What this task involves »
Dropping every picture, set down exactly the lines in the entries below, starting with the line with "Designer Watch Collection" and going on through the line with "PCMD400 80s24 en convertidores DC / DC".

Exercise material »
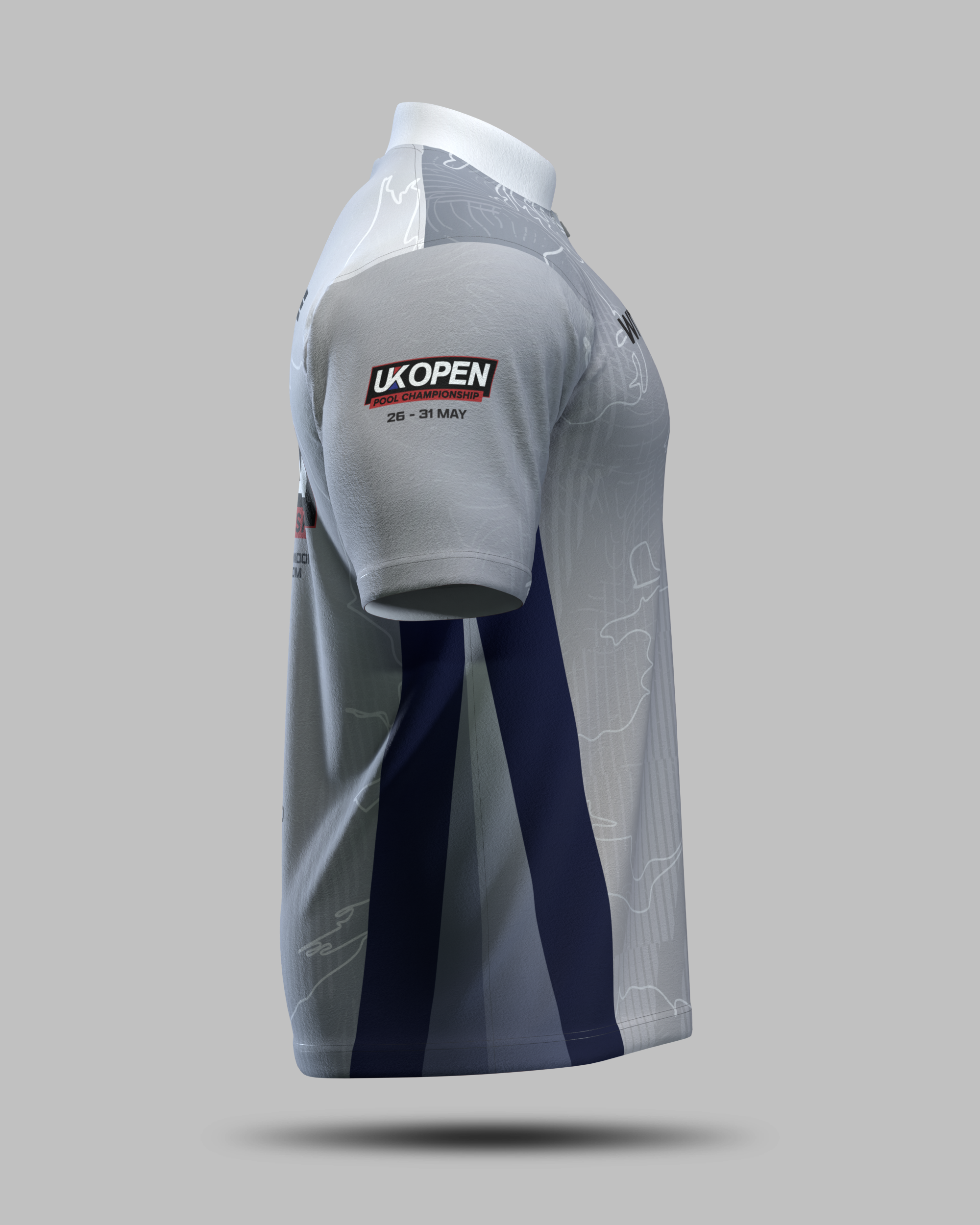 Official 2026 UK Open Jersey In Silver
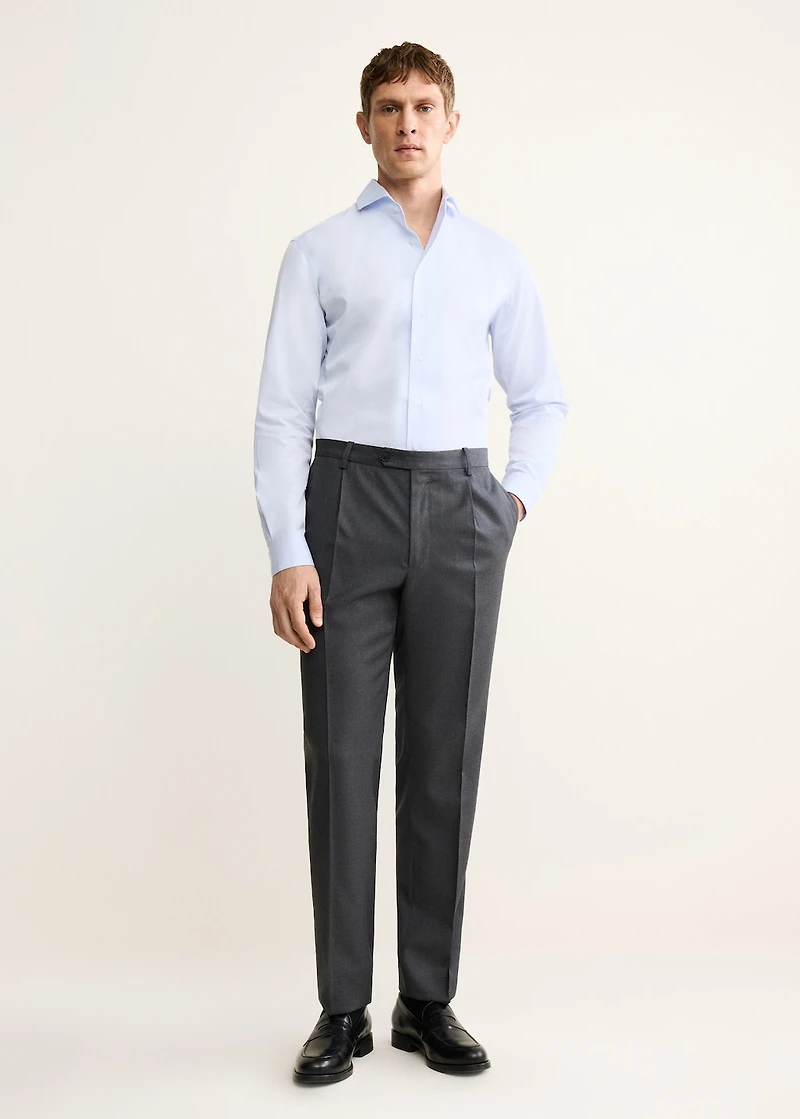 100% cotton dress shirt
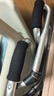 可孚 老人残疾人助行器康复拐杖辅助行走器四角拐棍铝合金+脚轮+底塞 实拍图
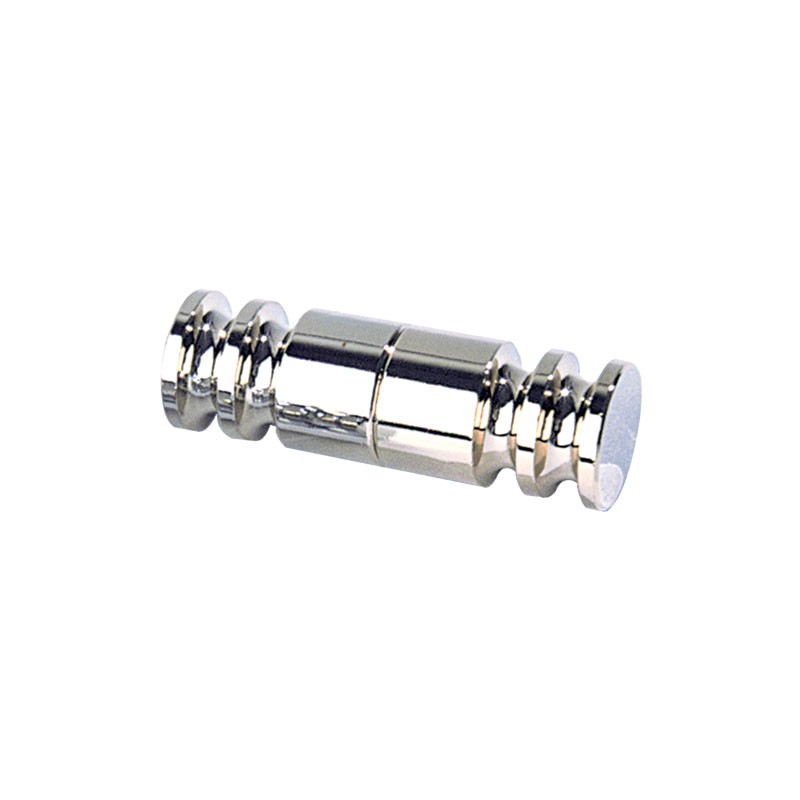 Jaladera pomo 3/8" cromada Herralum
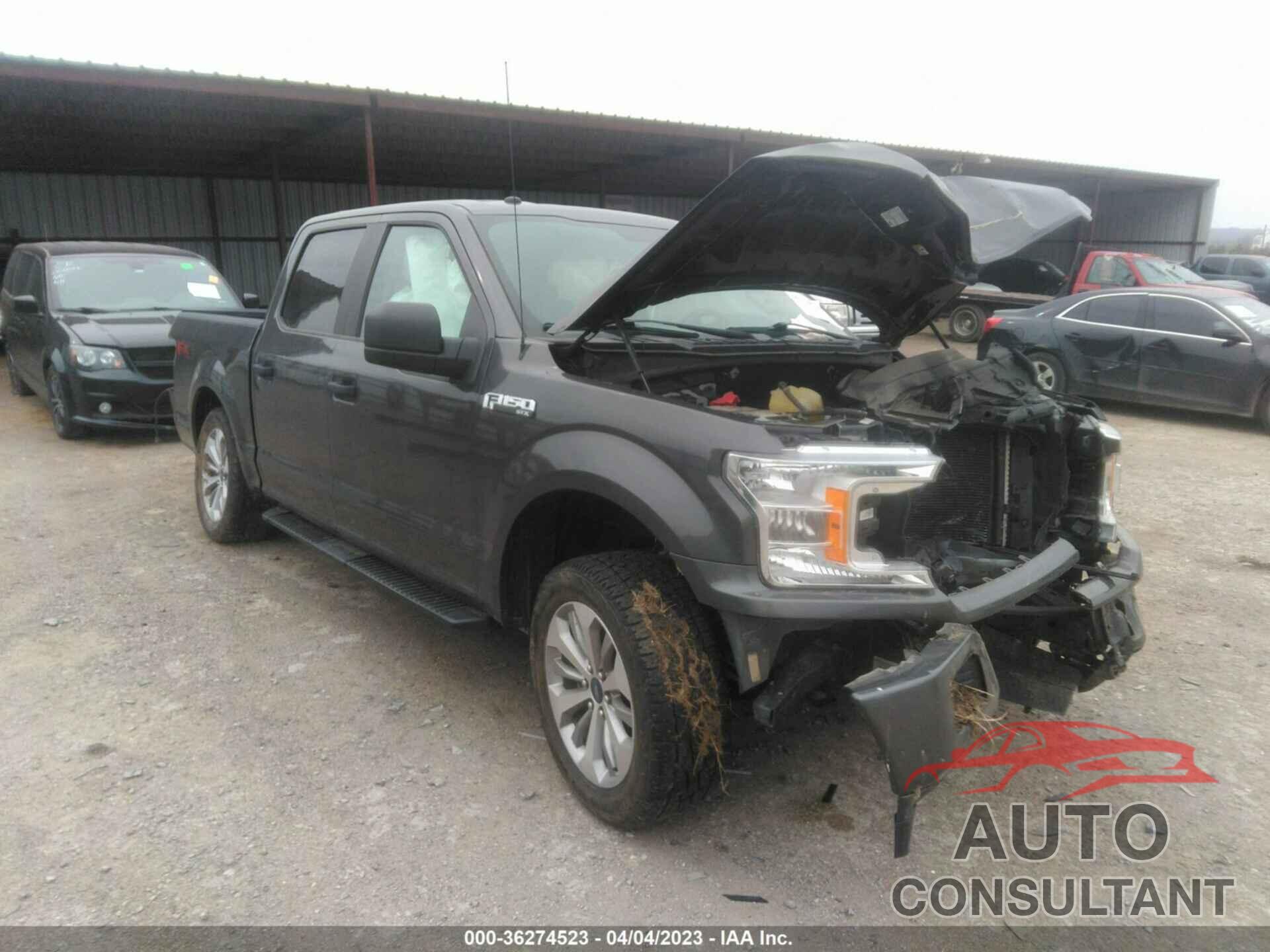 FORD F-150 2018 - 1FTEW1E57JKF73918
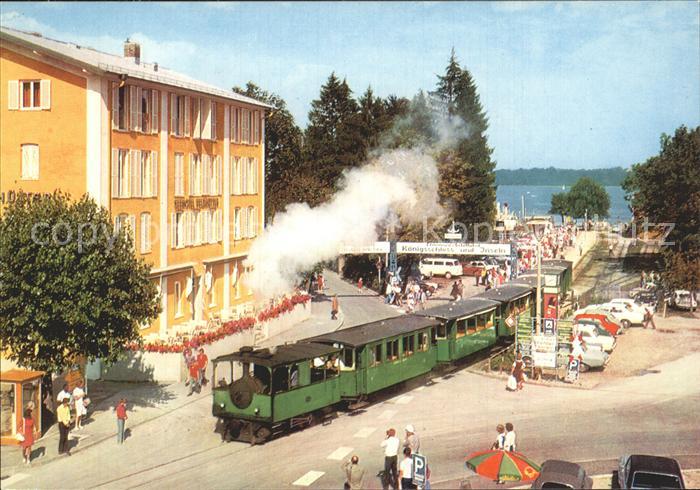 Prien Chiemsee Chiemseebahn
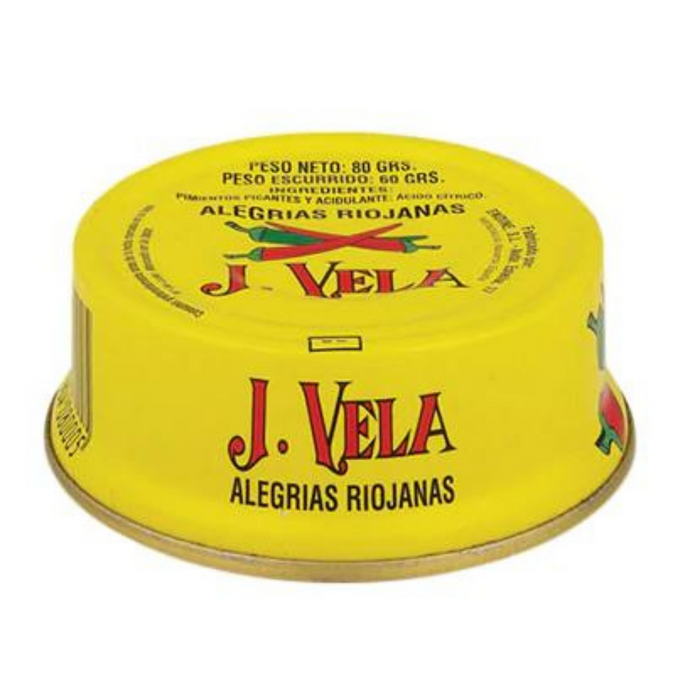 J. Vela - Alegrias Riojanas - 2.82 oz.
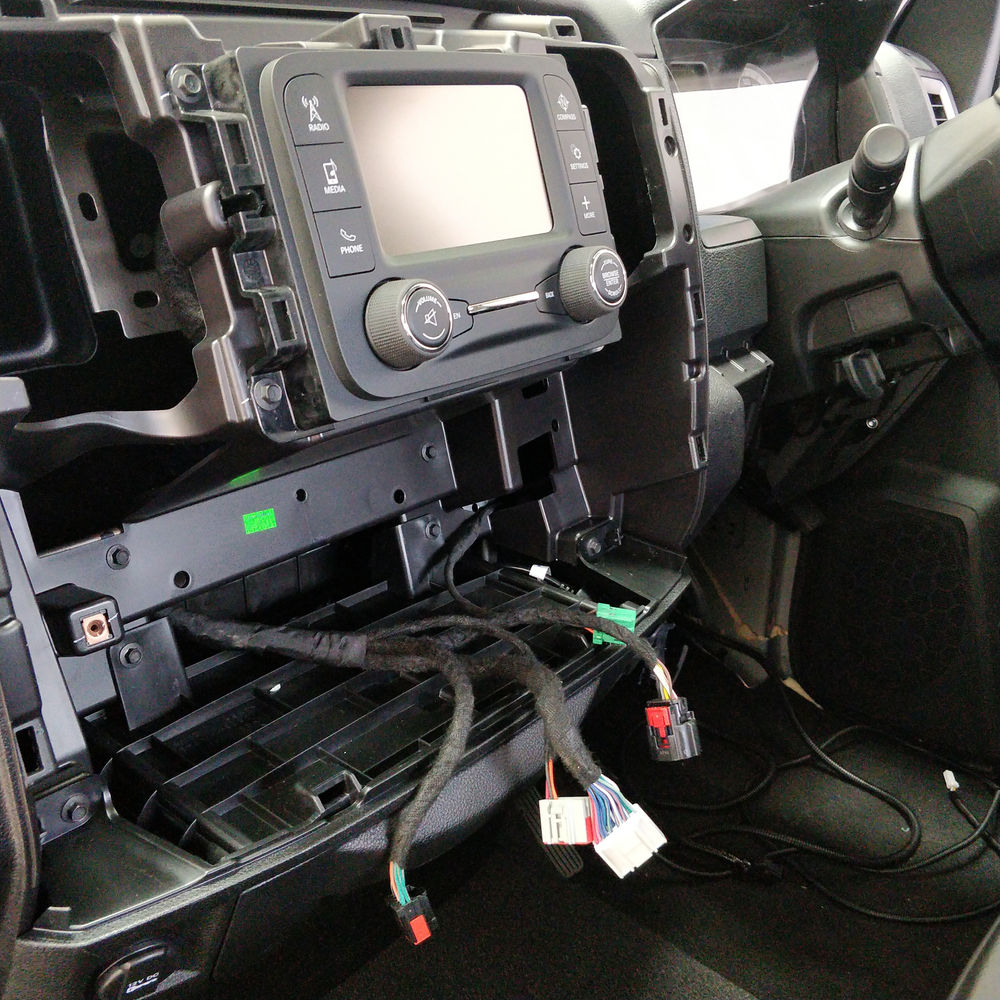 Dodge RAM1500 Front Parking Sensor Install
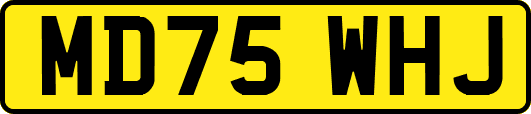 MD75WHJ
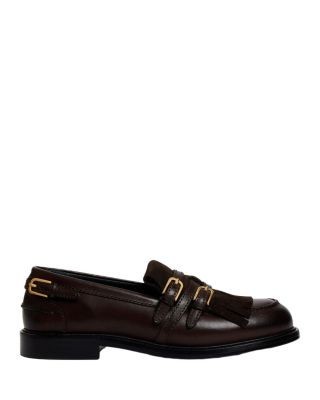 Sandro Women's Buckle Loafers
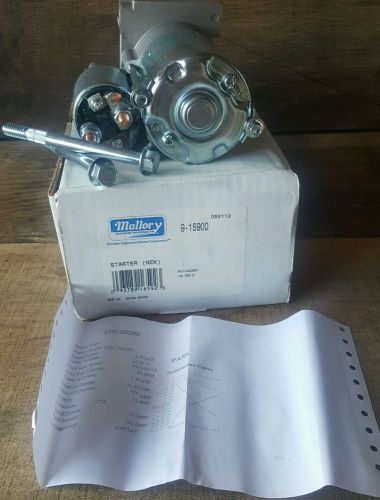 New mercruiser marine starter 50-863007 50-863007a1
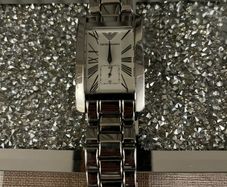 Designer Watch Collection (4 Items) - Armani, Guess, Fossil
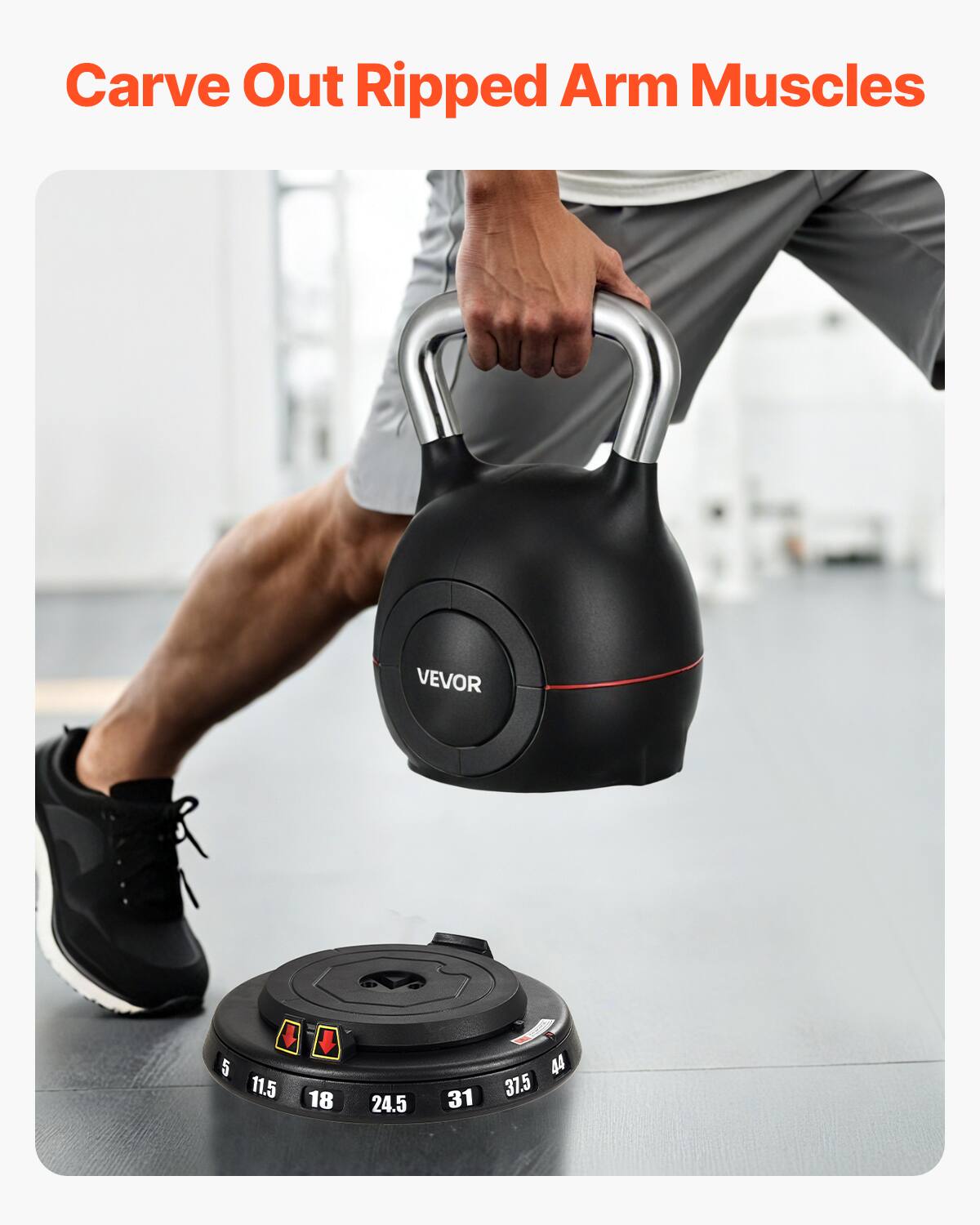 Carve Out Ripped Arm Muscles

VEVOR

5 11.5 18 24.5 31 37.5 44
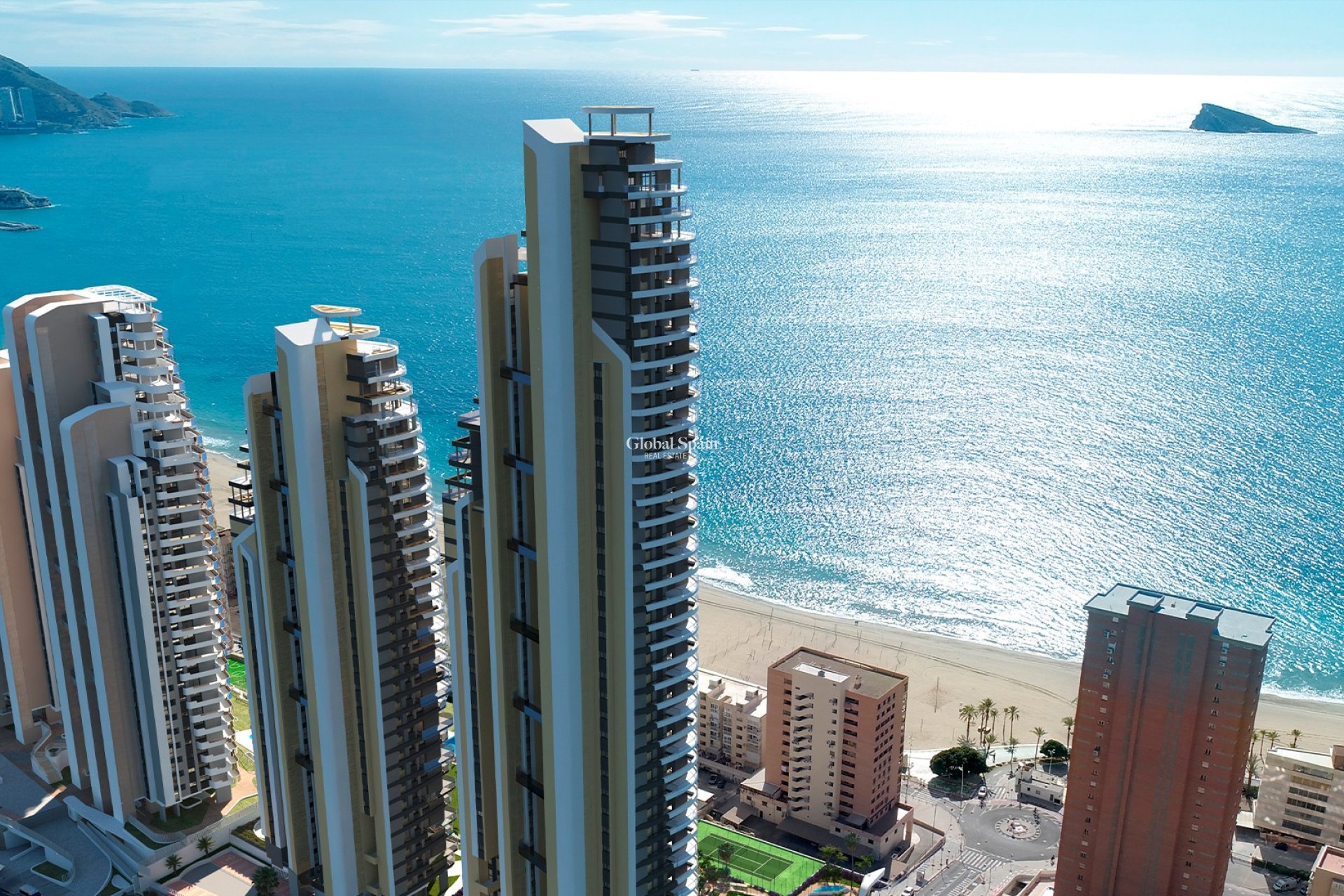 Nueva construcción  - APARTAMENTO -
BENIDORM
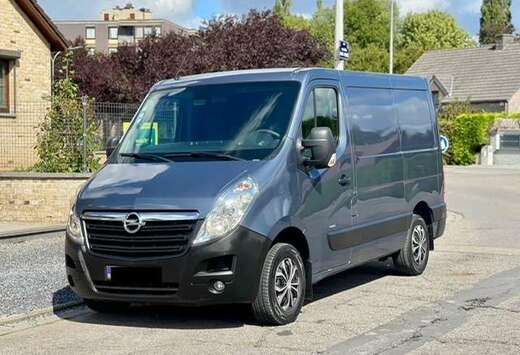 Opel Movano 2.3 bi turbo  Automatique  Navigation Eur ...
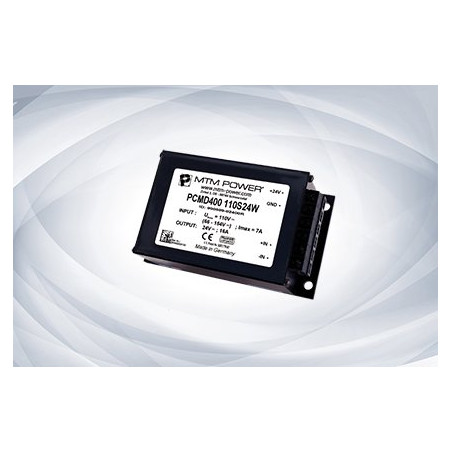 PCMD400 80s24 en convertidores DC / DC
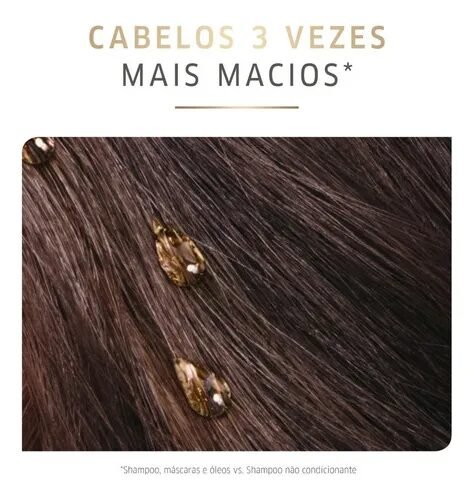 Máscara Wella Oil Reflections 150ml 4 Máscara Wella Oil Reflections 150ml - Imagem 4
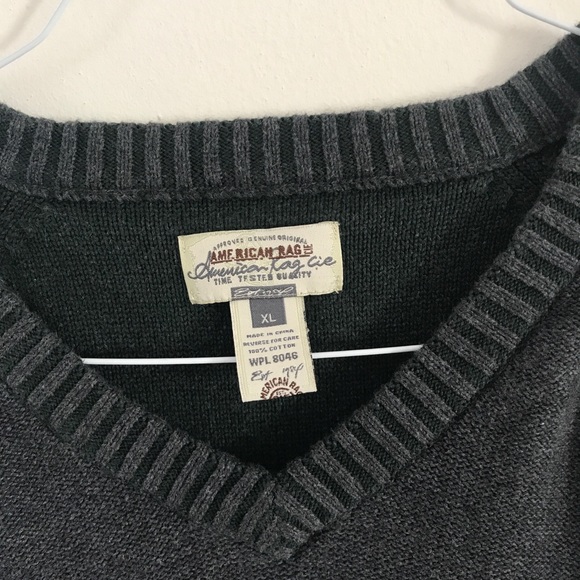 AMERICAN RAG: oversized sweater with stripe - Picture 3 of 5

Task response »
 Designer Watch Collection (4 Items) - Armani, Guess, Fossil
 Carve Out Ripped Arm Muscles

VEVOR

5 11.5 18 24.5 31 37.5 44
 Nueva construcción  - APARTAMENTO -
BENIDORM
 Opel Movano 2.3 bi turbo  Automatique  Navigation Eur ...
 PCMD400 80s24 en convertidores DC / DC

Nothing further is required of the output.